Dante Barnett

Profile
- Position: Linebacker

Personal information
- Born: 11 February 2003 (age 23) Birmingham, England
- Listed height: 6 ft 1 in (1.85 m)
- Listed weight: 275 lb (125 kg)

Career information
- College: Dickinson
- NFL draft: 2025: undrafted

Career history
- Cincinnati Bengals (2025)*; Green Bay Packers (2025)*;
- * Offseason or practice squad member only
- Stats at Pro Football Reference

= Dante Barnett (defensive lineman) =

English gridiron football player (born 2003)

Dante Barnett (born 11 February 2003) is an English football linebacker.
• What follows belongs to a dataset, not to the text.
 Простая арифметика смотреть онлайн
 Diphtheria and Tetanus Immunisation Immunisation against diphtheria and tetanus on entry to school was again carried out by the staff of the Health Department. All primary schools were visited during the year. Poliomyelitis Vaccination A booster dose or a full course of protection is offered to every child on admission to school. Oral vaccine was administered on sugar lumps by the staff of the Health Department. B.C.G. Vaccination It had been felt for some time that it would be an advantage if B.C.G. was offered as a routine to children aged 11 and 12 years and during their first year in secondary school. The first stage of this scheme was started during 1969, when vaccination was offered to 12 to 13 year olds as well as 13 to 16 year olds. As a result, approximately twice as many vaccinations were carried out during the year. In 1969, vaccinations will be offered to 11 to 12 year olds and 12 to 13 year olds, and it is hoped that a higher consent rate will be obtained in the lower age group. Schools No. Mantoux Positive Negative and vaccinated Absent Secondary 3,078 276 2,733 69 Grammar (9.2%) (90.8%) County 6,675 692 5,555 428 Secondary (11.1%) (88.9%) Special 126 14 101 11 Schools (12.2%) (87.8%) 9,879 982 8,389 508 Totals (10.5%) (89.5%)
He entered the league through the International Player Pathway Program, originally signing with the Cincinnati Bengals in 2025.

==Early life==
Barnett is from Birmingham, England, and played a number of sports growing up but took to American football and had successful try-outs at the NFL Academy located at Loughborough University in Leicestershire between 2019 and 2021. After three years at the NFL Academy, Barnett tried making the jump to American college football and received offers from schools in Texas such as Texas Christian University (TCU), Southern Methodist University (SMU), and the University of Houston, but did not have the grades, and instead went to an NCAA Division III school, Dickinson College in Pennsylvania, where he played for a year in 2022. He later became part of the NFL's International Player Pathway.

==Professional career==
===Pre-draft===

Pre-draft measurables
| Height | Weight | Arm length | Hand span | Wingspan | 40-yard dash | 10-yard split | 20-yard split | 20-yard shuttle | Three-cone drill | Vertical jump | Broad jump | Bench press |
| 6 ft 1 in (1.85 m) | 275 lb (125 kg) | 32+5⁄8 in (0.83 m) | 9+5⁄8 in (0.24 m) | 6 ft 5+1⁄8 in (1.96 m) | 4.70 s | 1.75 s | 2.77 s | 4.57 s | 7.33 s | 28.0 in (0.71 m) | 99 ft 0 in (30.18 m) | 24 reps |
All values from University of South Florida/IPP Pro Day

===Cincinnati Bengals===
On 27 April 2025, Barnett signed with the Cincinnati Bengals as an undrafted free agent. On 22 July, the Bengals released Barnett ahead of training camp.

===Green Bay Packers===
On 29 October 2025, the Green Bay Packers signed Barnett to their practice squad to fill their vacant International Player Pathways spot. He signed a reserve/future contract with Green Bay on 12 January 2026. On 28 July, Barnett was released by the team.

==Personal life==
Barnett's father died when he was young; he previously worked at a Jaguar-Land Rover plant. He is of Jamaican descent.